Ein Heilerziehungspfleger soll sich in Kernen an zweien seiner Schützlinge vergangen haben. Foto: dpa

Ein Zeitarbeiter der Diakonie Stetten steht im Verdacht, zwei behinderte Bewohner sexuell missbraucht zu haben. Ob die Staatsanwaltschaft Anklage erheben wird, ist allerdings fraglich.

Kernen - Die Vorwürfe wiegen schwer: Ein 33 Jahre alter Heilerziehungspfleger soll in der Diakonie Stetten zwei seiner Schutzbefohlenen sexuell missbraucht haben. Jan Holzner, der Sprecher der Stuttgarter Staatsanwaltschaft, bestätigte einen entsprechenden Bericht der „Waiblinger Kreiszeitung“: seine Behörde habe die Ermittlungen aufgenommen.

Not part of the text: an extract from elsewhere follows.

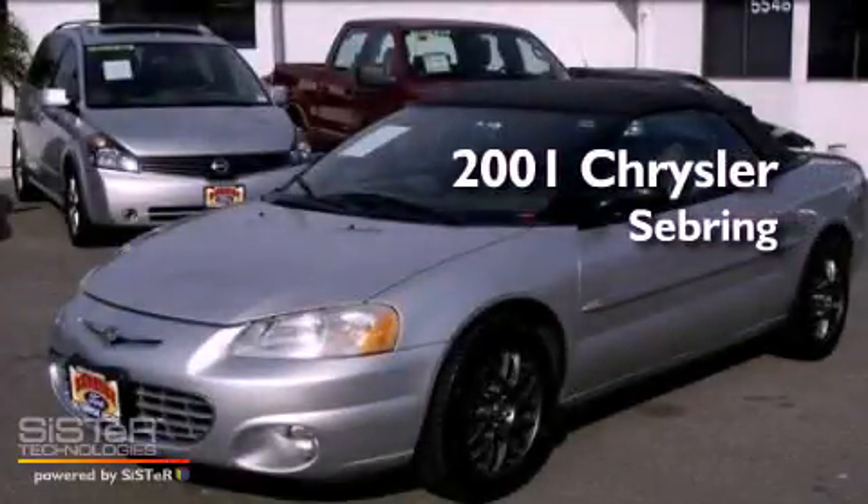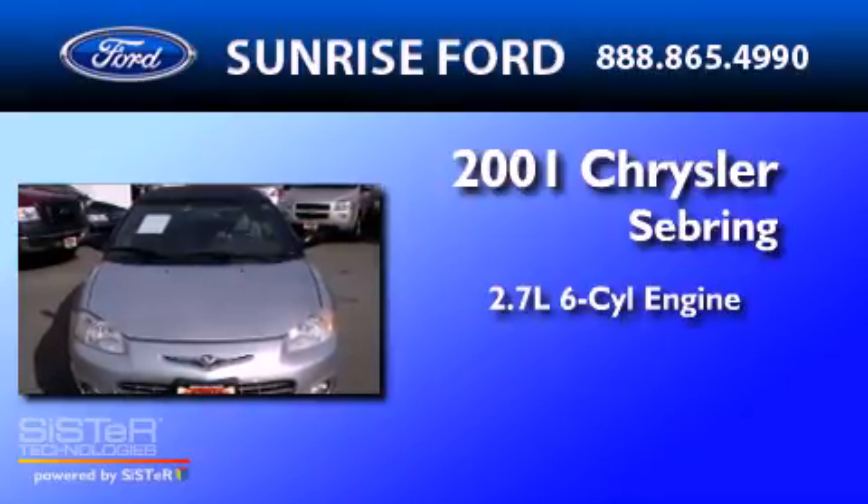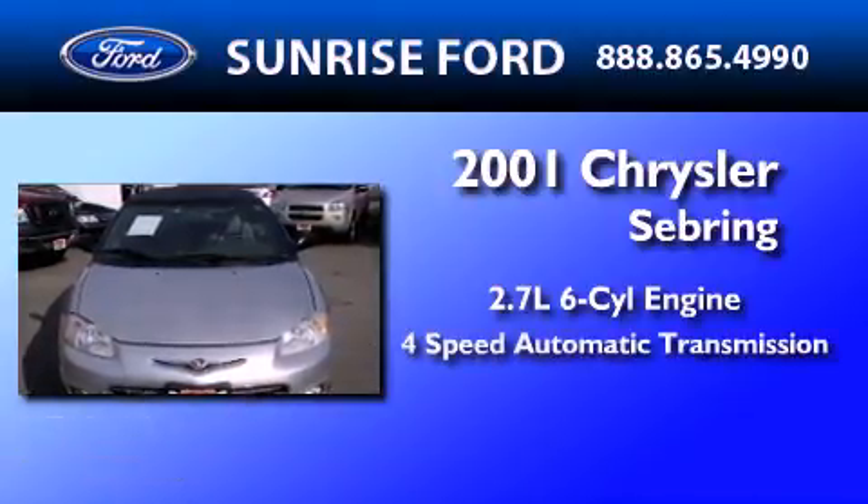This is a 2001 Chrysler Sebring. It features a 2.7-liter, six-cylinder engine and a four-speed automatic transmission.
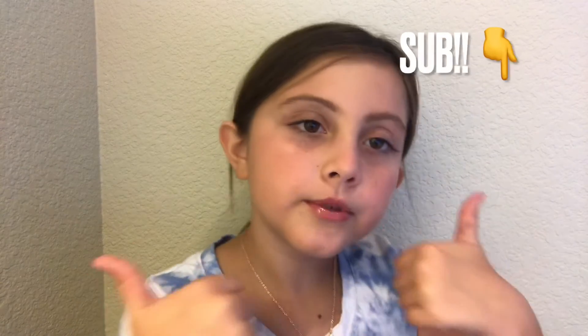Okay, so that is it for today's video! I hope you enjoyed it. Make sure to subscribe and also check out my shorts. See you guys!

Zwei junge Behinderte hatten sich bei der Diakonie Stetten unabhängig voneinander über Übergriffe des Mannes beschwert. Der erste Vorwurf gegen den Pfleger lautet auf schweren sexuellen Missbrauch eines Kindes. Ein Junge im Alter von jetzt 14 Jahren soll zwischen dem Ende des Jahres 2015 und dem Herbst 2016 zum ersten Opfer des Mannes geworden sein. Das zweite ist eine heute 20 Jahre alte Frau. „In diesem Fall lautet der Verdacht auf sexuellen Missbrauch unter Ausnutzung eines Betreuungsverhältnisses. Die Handlungen sollen etwas weniger schwerwiegend sein als beim ersten mutmaßlichen Opfer“, so Holzner. Der Staatsanwalt betont: „Wir sprechen von einem Anfangsverdacht, keinem dringenden Tatverdacht. Deswegen ist der Mann auch nicht in Haft.“

Ob die Staatsanwaltschaft Anklage erhebt, ist noch nicht klar

Die Ermittlungen sind noch nicht abgeschlossen. Davon, ob die Staatsanwaltschaft die Aussagen der mutmaßlichen Opfer als glaubhaft einstuft, hängt es ab, ob gegen den Pfleger nun Anklage erhoben wird. Bei den geistig behinderten jungen Geschädigten, so Holzner, sei diese Einschätzung nicht gerade leicht.

Laut der Diakonie Stetten werden beide betroffenen Bewohner psychologisch betreut. In einer offiziellen Stellungnahme ist von einer „sexuellen Grenzverletzung“ eines ehemaligen Mitarbeiters die Rede. Der mutmaßliche Sextäter ist Mitarbeiter einer Zeitarbeitsfirma, die im Auftrag der Diakonie Stetten Personal bereitgestellt hat. Der Mann arbeitet schon seit dem Herbst 2016 nicht mehr in der Diakonie. „Mit der Firma hatten wir bis dahin gute Erfahrungen gemacht“, beteuert Hannah Kaltarar, die Pressesprecherin der Diakonie Stetten. Wegen der mutmaßlichen Vorfälle arbeite die Diakonie Stetten jetzt nicht mehr mit der Firma zusammen.

Keine weiteren Opfer haben sich gemeldet

Eine weitere Konsequenz, die die Behinderteneinrichtung aus den Vorfällen zieht, sei, dass das Vorgehen bei der Einstellung von Zeitarbeitern geändert würde. Von nun an werde die Diakonie Stetten nur noch mit drei oder vier großen Zeitarbeitsfirmen Rahmenverträge abschließen und dann vor allem mit diesen Unternehmen kooperieren. Verzichten könne man auf fremdes Personal allerdings nicht, sagt Kaltarar: „Der Fachkräftemangel ist auch bei uns deutlich spürbar“. Auch der Zeitarbeiter, der sich an den Betreuten vergangen haben soll, sei eine ausgebildete Fachkraft gewesen.

Nach dem Bekanntwerden der Vorwürfe hatte die Diakonie eine Hotline eingerichtet – „damit Angehörige sich an uns wenden können, wenn sie Fragen oder Sorgen haben“, so Kaltarar. Weitere Opfer von sexuellen Übergriffen hätten sich keine gemeldet.

Kaltarar betont, an der Diakonie Stetten gebe es verschiedene Maßnahmen, um sexuellen Übergriffen vorzubeugen. So seien bereits 24 Frauen mit Handicap zu Frauenbeauftragten ausgebildet worden. Im Kinder- und Jugendbereich lernten junge Bewohner auch anhand eines Ampelmodells, welche sexuellen und physischen Grenzen sie selbst, aber auch ihre Gegenüber einhalten sollten und wo sie sich im Fall der Fälle beschweren können. Die Einrichtung habe auch Richtlinien im Umgang mit sexuellen Übergriffen und wie Betroffene nach solchen Vorfällen betreut werden können.